----- Data shown

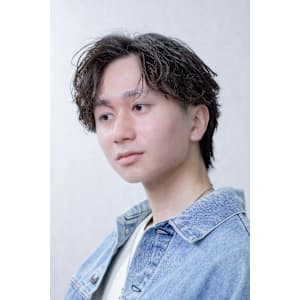 メンズサロンTect by Ash吉祥寺×スタイル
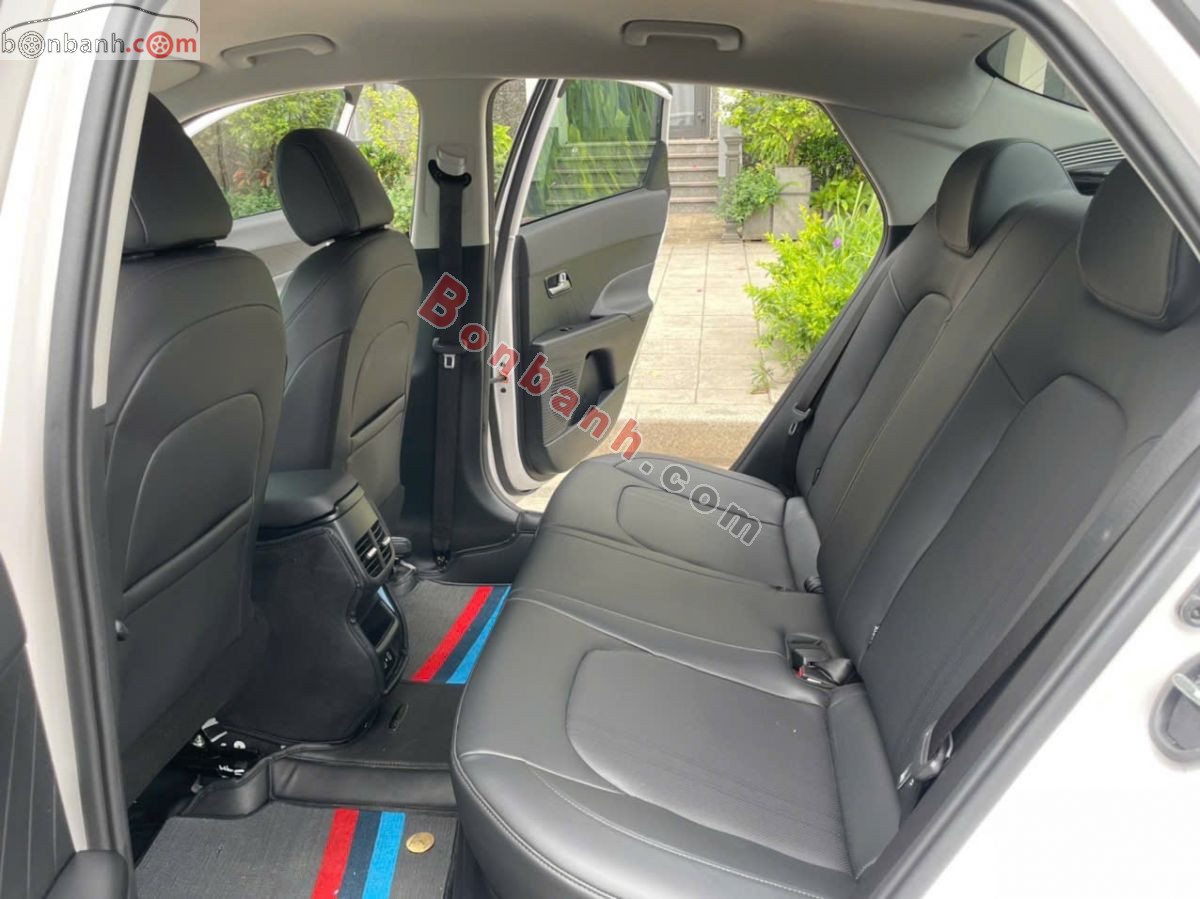 Bán ô tô Hyundai Accent Đặc biệt 1.5 AT - 2024 - xe cũ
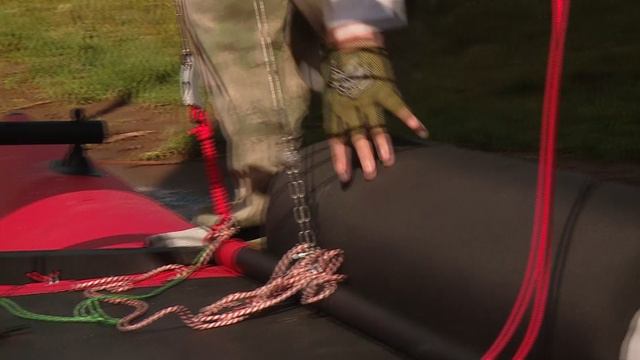 Право на счастье. Регата 27.08.2024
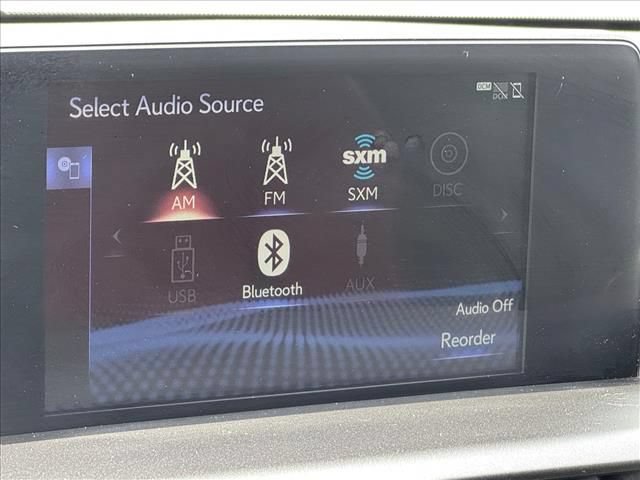 Used 2021 Lexus NX 300 F Sport w/ Accessory Package 2 FWD image 24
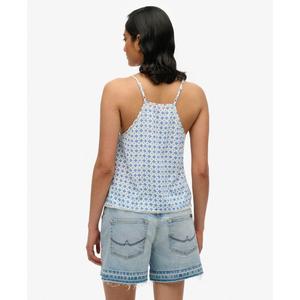 Sekundär-Tanktop für Frauen Superdry image-3
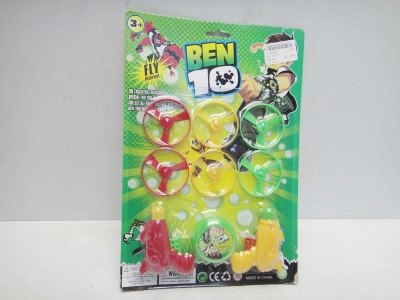 BEN10 TOP - HP1020697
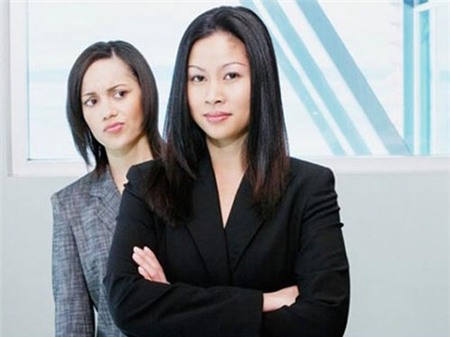 Những suy nghĩ nhỏ nhen của dân công sở - 1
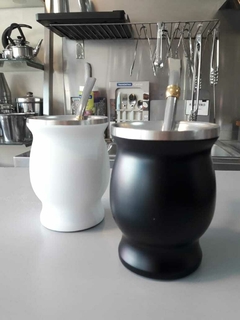 Mate acero inoxidable en internet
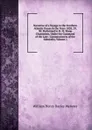 Narrative of a Voyage to the Southern Atlantic Ocean in the Years 1828, 29, 30: Performed in H. M. Sloop Chanticleer, Under the Command of the Late . Commissioners of the Admiralty, Volume 1 - William Henry Bayley Webster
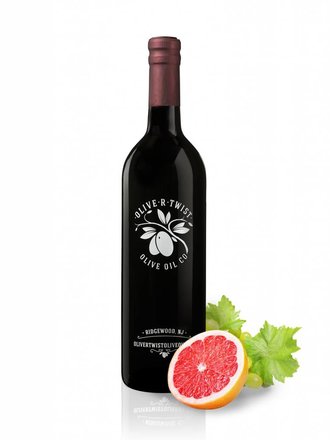 Grapefruit White Balsamic Vinegar Grapefruit White Balsamic Vinegar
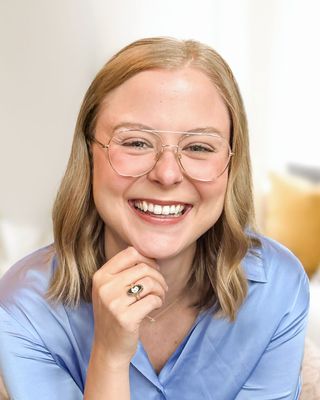 Photo of Annabelle Marks, Counselor, LAPC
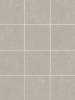 Керамическая плитка Kerama Marazzi Касабланка KM1010G0081N серый светлый матовый 29.8х39.8 из 12 частей 9.8x9.8 фото 6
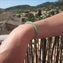 Green Aventurine Faceted 4mm Classic Elastic Bracelet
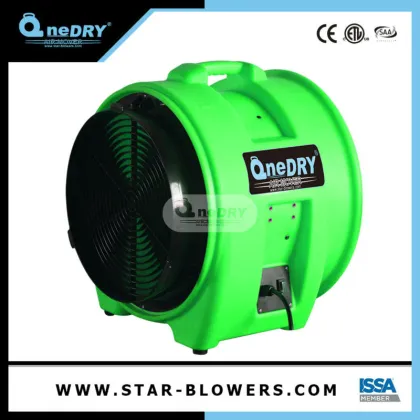 Workshop Smoke Ventilation System Underground Mine Ventilation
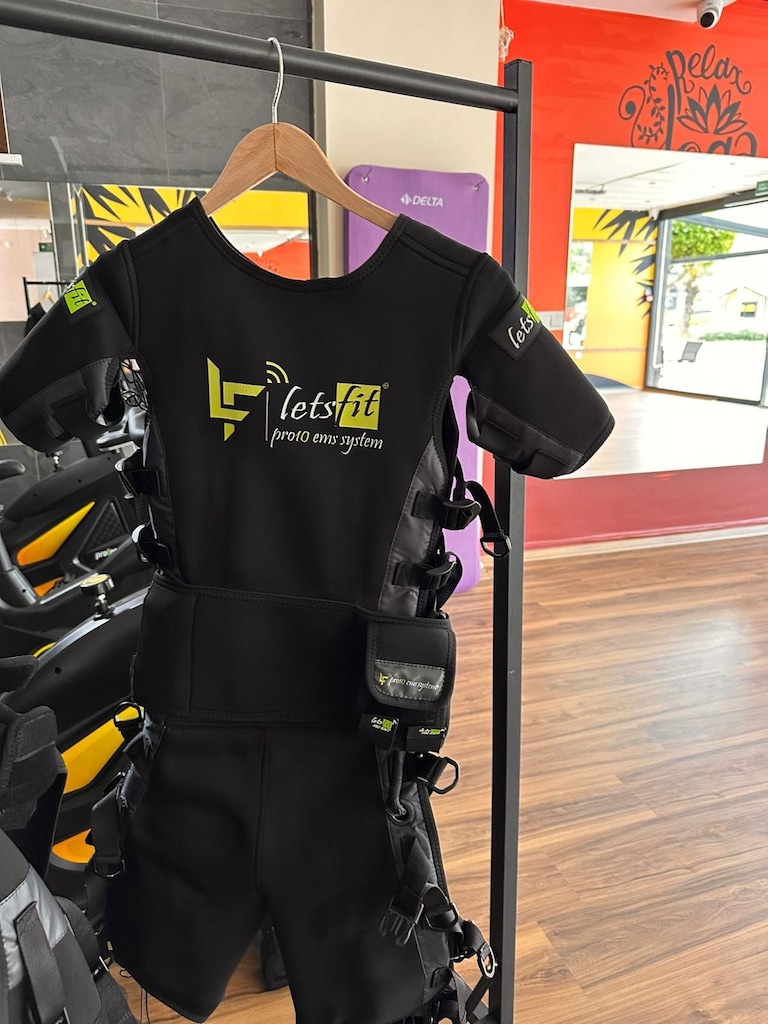 Letsfit pro10 - 6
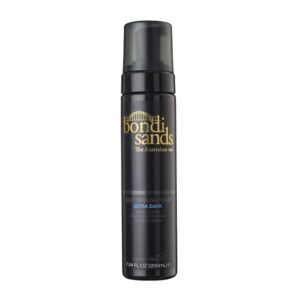 Bondi Sands Self Tanning Foam Ultra Dark 200 ml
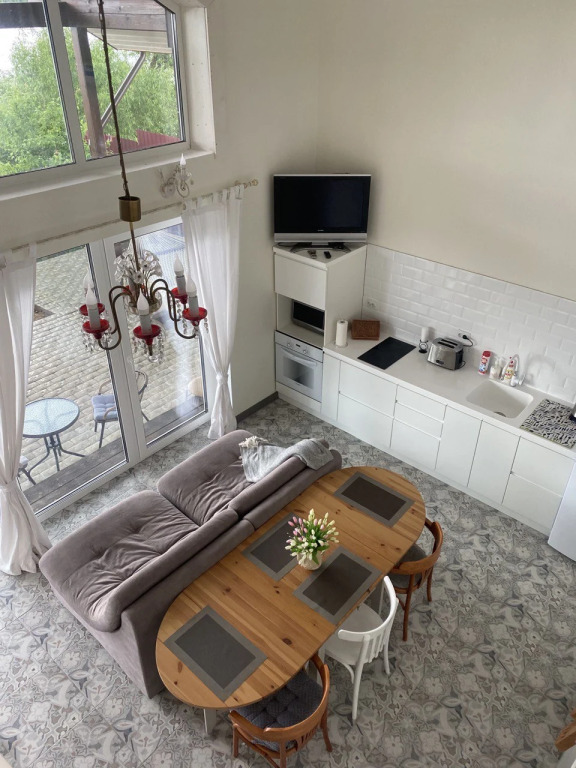 Фотография Коттеджа Частный дом на Берегу Селигера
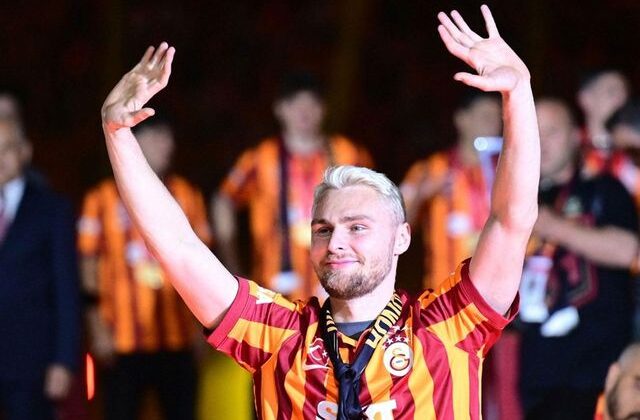 Galatasaray’da Nelsson defteri kapandı! Bu parayı veren imzayı attırır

----------

* Exercise:
Leave the pictures out. Transcribe exactly the lines from the one with "Letsfit pro10 - 6" through the end of the records.

* Problem solution:
 Letsfit pro10 - 6
 Bondi Sands Self Tanning Foam Ultra Dark 200 ml
 Фотография Коттеджа Частный дом на Берегу Селигера
 Galatasaray’da Nelsson defteri kapandı! Bu parayı veren imzayı attırır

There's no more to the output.